St. Francis of Assisi (1181-1226) has been called second Christ because he followed the way of Christ in a significant way in the history of the Church. He followed the cosmic or creation-centered tradition of Hildegard that flourished in Rhineland, Germany. Francis grounded his sense of the Cosmic Christ in a struggle for Church reform and renewal. He sought to create a life style that would displace avarice and the systems both of the lingering feudalism and emerging capitalism. His greatest written work, “the Canticle of Brother Sun should be considered through the prism of Cosmic Christ”, says Mathew Fox. “It echoes many of the richest themes of the Cosmic Christ. Francis acknowledged and celebrated divinity in its creative and creaturely manifestations.
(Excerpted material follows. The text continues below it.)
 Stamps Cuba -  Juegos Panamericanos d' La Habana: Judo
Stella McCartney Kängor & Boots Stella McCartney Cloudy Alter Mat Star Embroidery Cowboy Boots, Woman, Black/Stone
In his view the divine is incarnated in the flesh of nature.” Can we not say vice versa that from the lap of nature we can leap into the heart of God?
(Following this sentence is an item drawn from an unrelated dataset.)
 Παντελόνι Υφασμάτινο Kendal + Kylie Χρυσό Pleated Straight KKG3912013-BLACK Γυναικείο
Again the themes of light, splendor and illumination are continued as Francis celebrates the brightness of the moon and the stars. The Cosmic Christ, “the light who enlightens all who have life” is present in all creatures and therefore all creatures are brother and sister to one another. Francis takes seriously the idea of the family of all creation, the interconnectivity of all creatures. All are bound together and connected by the Divine light.
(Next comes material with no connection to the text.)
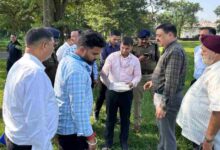 Uttarakhand News- PM मोदी के उत्तराखंड दौरे की तैयारी तेज़: आयुक्त गढ़वाल और मुख्यमंत्री के अपर सचिव ने आयोजन स्थल का किया स्थलीय निरीक्षण…..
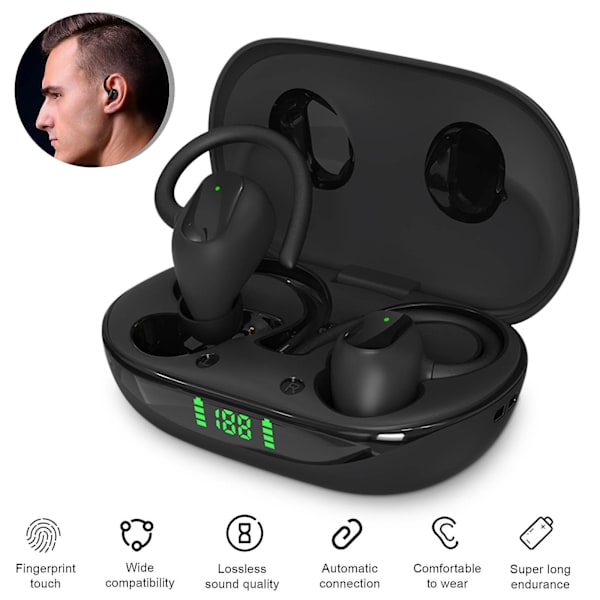 Uudet 5.1 Bluetooth-kuulokkeet langattomat nappikuulokkeet urheilunappikuulokkeet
“Divinity is the enfolding and unfolding of everything that is”. He called this process “Learned ignorance.” Divinity is in all things in such a way that all things are in divinity.” (Nicholas of Cusa A German philosopher 1401-1464)
Creatures can be said to be divine, for “whatever is found in creatures is found in the divine. This is to say it is divine. Humans are divine but not fully. We are as it were, a human deity. Humans are also the universe but not absolutely since we are human. Humanity is therefore, a microcosm, a human universe. The divine giver does not give anything other than divinity. But this gift cannot be received as it is given. Therefore, the infinite is received finitely.”
“Every creature is a word of God and a book about God.” (Meister Eckhart)
We read at the beginning of the gospel of John: “In the beginning was the Word and the Word was with God and the Word was God. He was in the beginning with God. All things were made through him, and without him was made nothing that was made. Jn.1:1-3
Again in Colossians 1: 15 ff we read: “He is the image of the unseen God, the firstborn of all creation, for in him all things were created, in heaven and on earth, visible and invisible, whether thrones, rulers, authorities, powers; all things were made through him and for him. He is before all things and in him all things hold together.”
I want now to draw your attention to the words of 13th century mystic, Mechtild of Magdeburg, who was one of the Beguine mystic women of Germany
“You ask me where God dwells: I will tell you. There is no Lord in the whole world who lives in all his dwellings at once except God alone. One day I saw with the eyes of eternity in bliss and without effort, a stone. This stone was like a mountain and was of assorted colors. It tasted sweet, like heavenly herbs. I asked the sweet stone: Who are you” It replied: “I am Jesus.”What does it imply? The Cosmic Christ is the “I am “in every creature. The divine mystery and miracle of existence is laid bare in the unique existence of each atom, each tree, each bird, fish, dog, flower, star, rock and each human. In the words of Meister Eckhart, “In this breakthrough I discover that God and I are one.” Our lives are stories of how our “I-am-ness” came to be and how it flowers into its own unique and beautiful expression of the divine one, that unique image of God that comes to birth once in a universe in us.
Mechtild of Magdeburg’s greatest statement on the Cosmic Christ is: “The day of my first awakening was the day I saw and I knew I saw all things in God and God in all things.” “I who am divine am truly in you. I can never be sundered from you; however far we be parted, never can we be separated. I am in you and you are in me. We could not be any closer. We two are fused into one, poured into a single mould. Thus unveiled we shall remain forever.”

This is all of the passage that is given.